各地の文房具屋において、入門用ペンの売り場面積が拡大されているのを目にします。ブームの火付け役となったKakunoに関しては以前記事にしましたので参考にしてください。

売れているのはPILOTのKakunoだけではありません。今年の2月に発売されて以来、じわりじわりと取り扱いが増えている注目のペンがあります。セーラー万年筆の「MY FIRST」です。

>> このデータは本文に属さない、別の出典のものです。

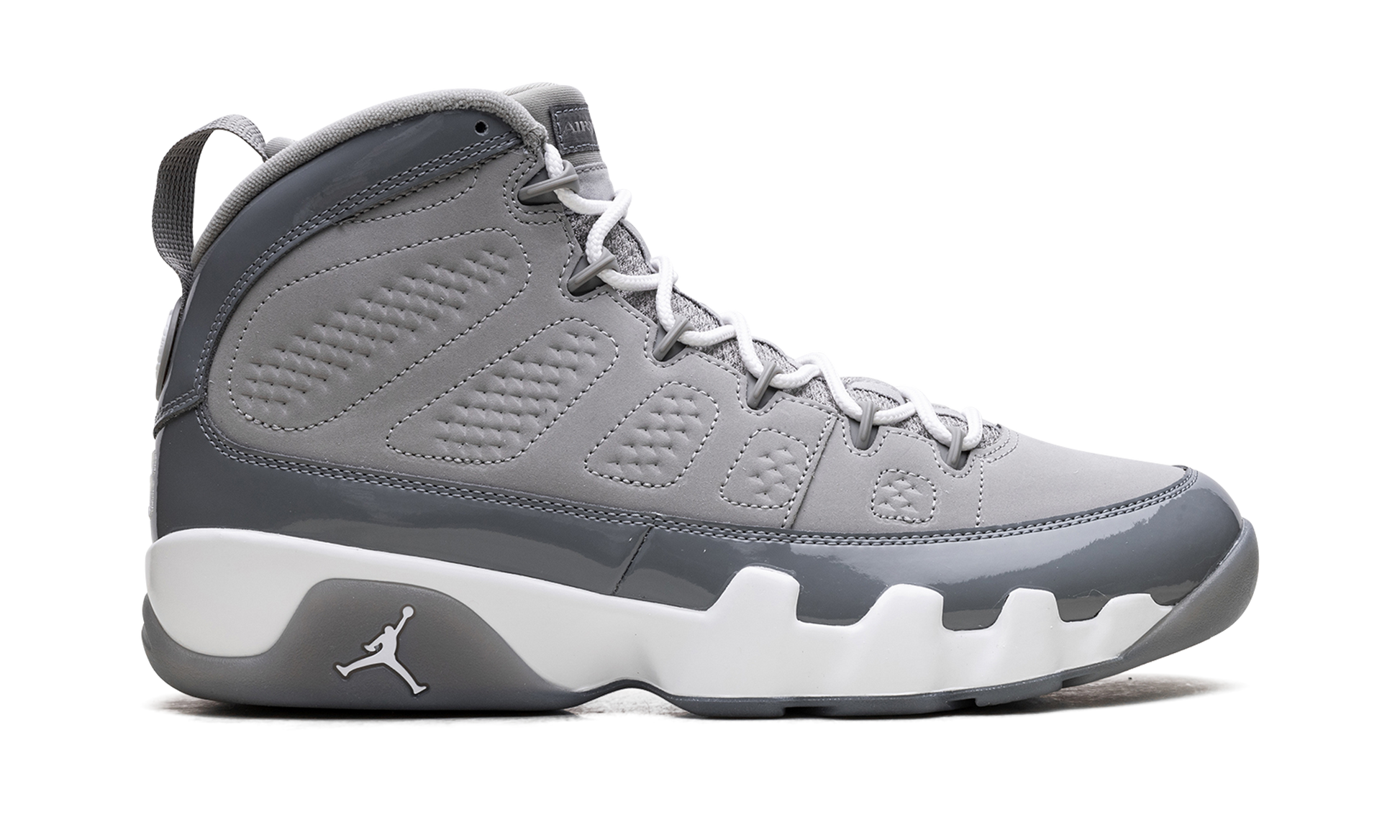 Nike Air Jordan 9 "Cool Grey 2025" HV4794 011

Kakunoは子供用の万年筆であるにも関わらず大人も使える完成度というコンセプトでした。
例えば、普通に持つと正しいペンの持ち方になるように、グリップが三角形になっています。一方のMY FIRSTは、大人がこれから初めて使う時の入門用万年筆というコンセプトです。もうペンの持ち方の指導はいらないというわけで、ペン軸もグリップ部も丸くなっていて、自由に持つことができます。また、はめ込み式(嵌合式(かんごうしき)と正確には言います)で手軽にキャップを付け外しできるKakunoに対し、MY FIRSTはネジ式でしっかり密封できます。

MY FIRSTのケースの中にはペン軸が1本、ペン先が2つ、カートリッジが3つ入っています。カートリッジはブラック、ピンク、スカイブルーの3色。

面白いのは、ペン先が2つ入っているところでしょうか。ひとつはMF(中細)の普通のペン先で、普段使い用。もう一つはペン先が曲げてある特殊なペン先。これらをどちらも同じペン軸で使うことができるのです。

この特殊ペン先は、もともとセーラー万年筆の「ふでdeまんねん」で採用されていました。ペンを寝せて書くと根元を使うことになるので太くなり、立てて書くとペン先を使うので細くなる。
自分で線の強弱を自在にコントロールできるのです。慣れれば筆で書いたような文字を書くことも、万年筆画を描くこともできます。

太い字が書けるということは、それだけインクが紙に多く接していることであり、摩擦が低くなるということ。そのため、他の万年筆よりもすらすらと滑らかな書き心地でした。ただ、細かいメモ書きにはあまり向いていないというか、ずっと細いままをキープするのは意外と難しかった。これは僕が普段からペンを寝かせて書く癖があるからでしょう。


もちろんコンバータにも対応していて、カートリッジを使い終わったらいろいろなインクを楽しむことができます。説明書には、コンバータの使い方も載っています。インクの色の変え方や、メンテナンス方法も図入りでわかりやすい。

実は万年筆で一番多いトラブルは、あまり使わなくなってしまってペン先が乾いてしまうことですが、MY FIRSTでは、乾きにくいネジ式キャップを採用しています。乾いてしまっても、ペン先が交換できるので、メンテナンスが容易。また、3色のカートリッジを交換するときにペン先を洗うことで、自然にメンテナンス方法が覚えられるように工夫されています。


これから万年筆を使ってみようという方、ちょっと面白いペンを使ってみたい方は、MY FIRSTから始めてみてはいかがでしょうか。